Er schickt voraus, dass es prinzipiell schwierig sei, Empfindungen bei Tieren wissenschaftlich zu klassifizieren; nicht zuletzt weil in der Wildnis in der Regel unbeobachtet gestorben wird.

Jane Goodall war wohl die erste Verhaltensforscherin, die Emotionen bei Affen beschrieb“, blickt Sziemer zurück in die 1960er-, 70er-Jahre. Der Aufschrei in der Community war groß. Die genetische Ähnlichkeit zwischen Schimpansen und Homo sapiens ließ schließlich den Schluss zu.

"Koko traurig"

Auch Gorilla Koko aus den USA sollte später als Beweis für den Kummer bei Primaten dienen. Das Weibchen, das mehr als tausend Gebärdesprachen-Zeichen beherrschte, kommentierte das Verschwinden seiner kleinen Spielgefährtin: „Katze tot, Koko traurig.“ Doch die wissenschaftliche Diskussion über das Gefühlsleben von Affen über Fische bis zu Vögeln dreht sich bis heute weiter.

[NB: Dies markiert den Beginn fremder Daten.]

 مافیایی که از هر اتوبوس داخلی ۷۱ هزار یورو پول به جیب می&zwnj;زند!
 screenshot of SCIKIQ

Trauern Tiere, wenn Artgenossen sterben?

„Gänse gehen oft langjährige Bindungen ein. Beim Verlust ihres Partner verhalten sie sich auffällig“, nennt Sziemer ein weiteres Beispiel. Weißwangengänse etwa watscheln dann geduckt und schnattern das „Pfeifen des Verlassenseins“. Mitunter stellt das verwitwete Federvieh das Fressen, Trinken und die Pflege ein, manch Individuum geht daran zugrunde.

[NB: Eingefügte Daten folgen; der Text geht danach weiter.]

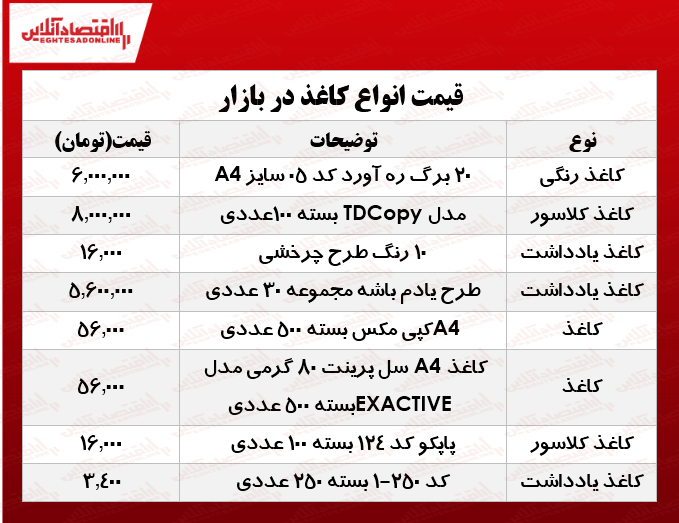انواع کاغذ در بازار تهران چند؟ +جدول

„Tiere zeigen eine starke Aktivität im limbischen System, etwa nach dem Verlust von Familienmitgliedern oder Freunden“, ziehen Carla Swiderski und Hanna Müller in ihrem fundierten Bilderbuch „Wie Tiere trauern“ Parallelen zum menschlichen Gehirn und zu Gram. Selbst im Kopf von Vögeln gibt es Regionen, die mit sozialer Bindung in Verbindung gebracht werden. Moderne Technik ermöglicht den Blick in die Denkorgane verschiedenster Art.

Trauern Tiere, wenn Artgenossen sterben?

Dabei macht der Tod nicht nur der Zweisamkeit ein Ende mit Folgen, er kann auch das Gruppenleben verändern. Verliert etwa die Leitkuh ihr Rothirsch-Junges, wackelt ihre Vormachtstellung. „Im übertragenen Sinn wird der aufgewühlten Mutter nicht zugetraut, das Rudel weiter zu führen“, zitiert Sziemer aus Peter Wohllebens „Das Seelenleben der Tiere“. Ob Hirsch, Wal oder Giraffe – das Band zwischen Mutter und Kind scheint besonders stark.

"Geht ums Überleben"

„Wildtiere können sich keine lange Trauerzeit leisten. Da geht es ums Überleben“, sagt Sziemer und wendet sich den Haustieren zu. Bei ihnen ist die Eile zurück zum Alltag voll Freude, Eifersucht oder Angst nicht geboten. Hund Hachiko etwa brachte es mit seiner traurigen Geschichte sogar auf die Kinoleinwand. Der treue Vierbeiner lief noch zehn Jahre lang täglich zum Bahnhof, um sein Herrl abzuholen. Dabei hatte der Professor 1925 überraschend seine letzte Reise angetreten und kehrte nie mehr aus Tokio heim.